### Instructions for the task
Print the line containing "Fresh bright red" and all lines after it to the end of the records below, exactly as written. No pictures.

The records below:

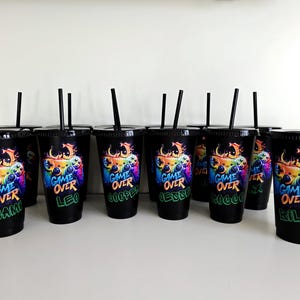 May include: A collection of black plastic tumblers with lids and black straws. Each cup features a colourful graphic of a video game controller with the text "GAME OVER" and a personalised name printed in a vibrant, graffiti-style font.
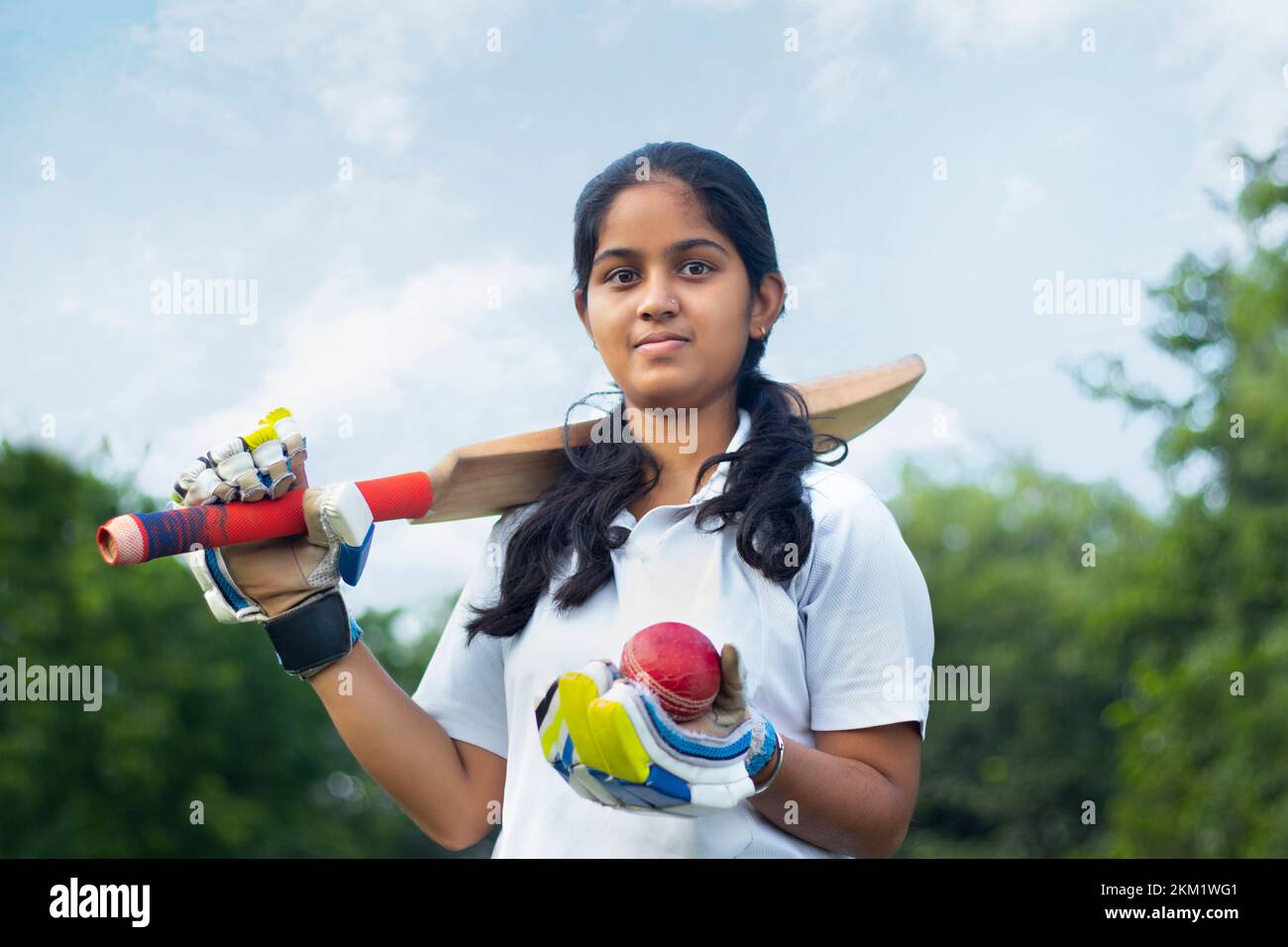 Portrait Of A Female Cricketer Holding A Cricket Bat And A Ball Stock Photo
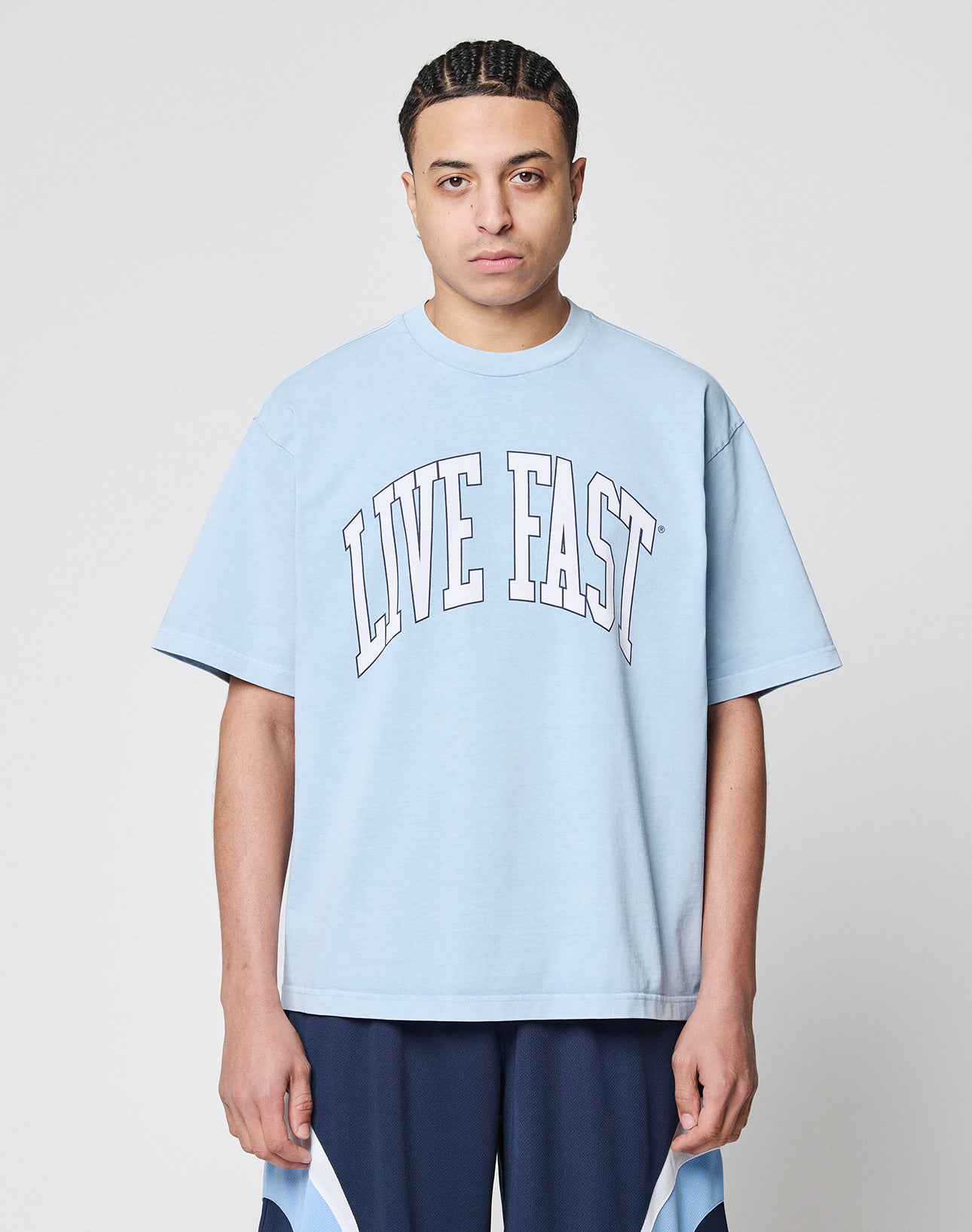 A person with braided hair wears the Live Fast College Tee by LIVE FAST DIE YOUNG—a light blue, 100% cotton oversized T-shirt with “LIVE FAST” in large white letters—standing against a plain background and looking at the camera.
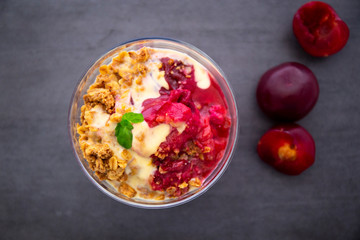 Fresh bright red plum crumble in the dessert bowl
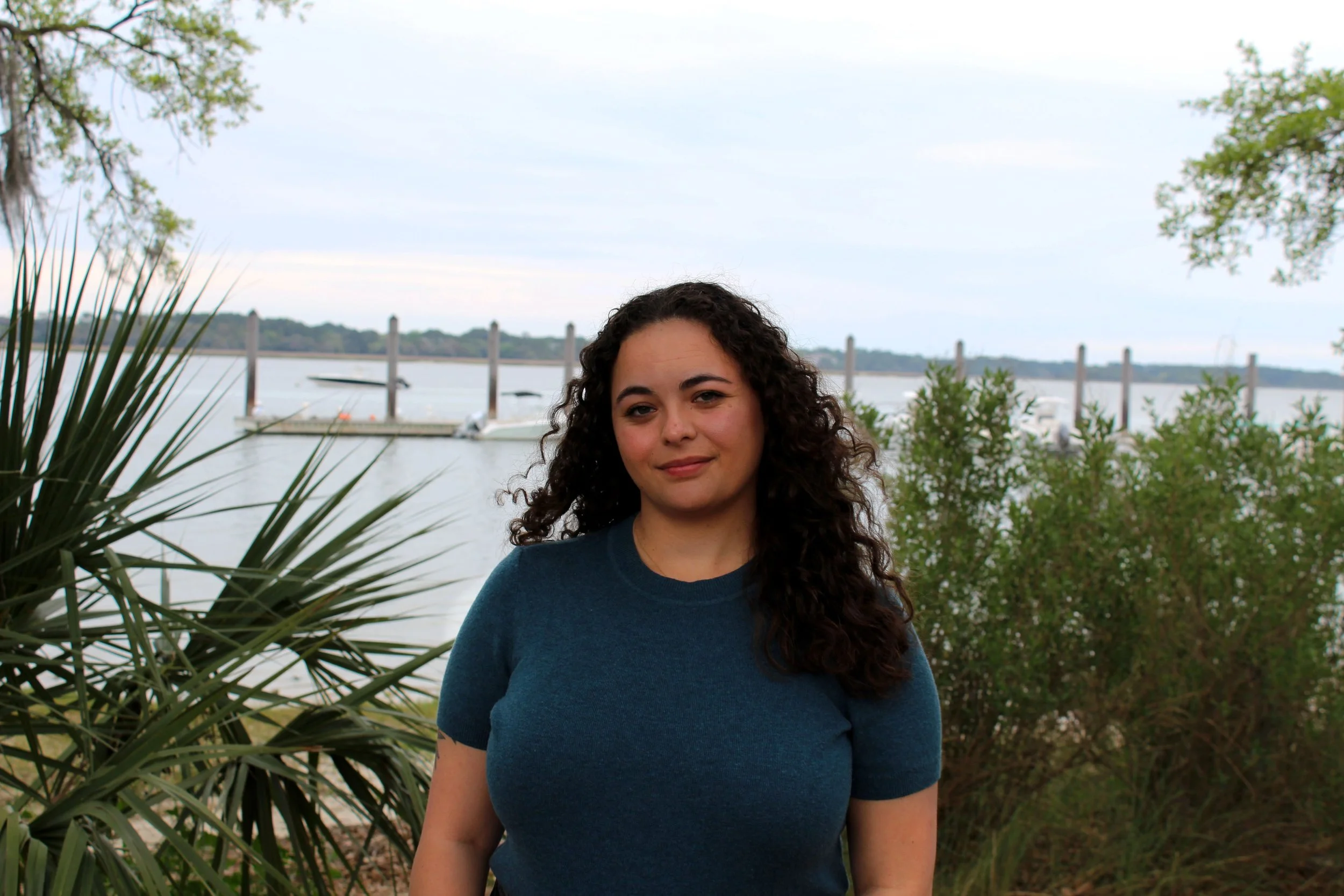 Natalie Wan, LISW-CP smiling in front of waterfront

End of The records.

### Response to the task
 Fresh bright red plum crumble in the dessert bowl
 Natalie Wan, LISW-CP smiling in front of waterfront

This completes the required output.